Uma trilha no Pico Paraná terminou de forma inesperada para um grupo de montanhistas. Uma integrante, de 30 anos, sofreu uma hiperextensão em um dos joelhos na noite de sábado (6) e não conseguiu mais andar.

O grupo acionou o Corpo de Bombeiros que encaminhou uma equipe do Grupo de Operações de Socorro Tático (GOST) por terra. De acordo com o tenente Luis Henrique Vojceichovski, o helicóptero do Batalhão de Operações Aéreas (BOA) da Polícia Militar foi acionado para fazer o resgate, mas o tempo fechado impossibilita o voo.

Segundo resgate 

Na tarde de sábado (6) um outro montanhista, de 38 anos, quebrou a clavícula em um acidente também no Pico Paraná. Os amigos da vítima acionaram o Corpo de Bombeiros, que solicitou o suporte aéreo.

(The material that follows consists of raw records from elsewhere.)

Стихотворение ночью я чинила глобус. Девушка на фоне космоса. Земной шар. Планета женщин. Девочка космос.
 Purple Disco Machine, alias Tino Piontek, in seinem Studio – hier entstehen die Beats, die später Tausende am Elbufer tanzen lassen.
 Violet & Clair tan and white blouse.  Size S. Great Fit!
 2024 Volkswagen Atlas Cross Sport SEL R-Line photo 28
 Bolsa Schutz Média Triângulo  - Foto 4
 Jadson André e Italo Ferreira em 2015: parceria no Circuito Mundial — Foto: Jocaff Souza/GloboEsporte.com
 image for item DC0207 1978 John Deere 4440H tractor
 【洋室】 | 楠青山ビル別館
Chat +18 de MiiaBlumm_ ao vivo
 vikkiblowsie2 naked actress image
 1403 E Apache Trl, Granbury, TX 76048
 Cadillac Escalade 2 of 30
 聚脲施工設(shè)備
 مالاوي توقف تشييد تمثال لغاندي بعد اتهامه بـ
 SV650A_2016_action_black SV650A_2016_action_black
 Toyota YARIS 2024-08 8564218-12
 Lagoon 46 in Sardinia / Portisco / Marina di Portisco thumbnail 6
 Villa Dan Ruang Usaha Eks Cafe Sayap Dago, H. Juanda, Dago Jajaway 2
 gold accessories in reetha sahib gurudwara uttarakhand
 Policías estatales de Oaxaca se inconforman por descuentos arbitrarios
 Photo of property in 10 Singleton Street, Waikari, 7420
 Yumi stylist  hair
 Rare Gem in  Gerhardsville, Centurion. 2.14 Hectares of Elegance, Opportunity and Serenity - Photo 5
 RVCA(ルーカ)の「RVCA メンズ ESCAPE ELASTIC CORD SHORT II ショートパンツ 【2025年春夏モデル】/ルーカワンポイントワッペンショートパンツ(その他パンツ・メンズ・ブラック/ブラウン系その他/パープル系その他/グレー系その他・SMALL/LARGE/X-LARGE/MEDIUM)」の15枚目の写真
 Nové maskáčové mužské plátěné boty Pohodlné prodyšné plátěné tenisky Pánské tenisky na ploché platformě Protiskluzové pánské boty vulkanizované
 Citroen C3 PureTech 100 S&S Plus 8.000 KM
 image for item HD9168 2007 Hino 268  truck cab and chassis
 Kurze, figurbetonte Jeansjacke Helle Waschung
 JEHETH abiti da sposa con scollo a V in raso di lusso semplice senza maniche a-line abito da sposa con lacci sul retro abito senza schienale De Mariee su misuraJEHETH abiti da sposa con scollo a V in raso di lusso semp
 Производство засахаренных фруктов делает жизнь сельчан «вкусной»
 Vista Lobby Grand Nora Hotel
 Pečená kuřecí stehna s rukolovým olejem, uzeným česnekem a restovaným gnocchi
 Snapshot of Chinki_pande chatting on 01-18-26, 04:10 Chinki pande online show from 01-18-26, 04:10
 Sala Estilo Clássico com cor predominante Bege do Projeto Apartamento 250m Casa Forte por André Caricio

O homem, que estava acompanhado de outras três pessoas, foi socorrido ao Hospital Angelina Caron, em Campina Grande do Sul, e passa bem. No verão são comuns as trilhas pelos picos da Serra do Mar mas, mesmo quem tem experiência, está sujeito a sofrer acidentes. O tenente do Corpo de bombeiros dá dicas aos montanhistas.

O Pico Paraná é o ponto mais alto do Sul do Brasil: 1.877,39 metros acima do nível do mar. A trilha não é recomendada para iniciantes, já que dura cerca de seis horas até a chegada ao topo.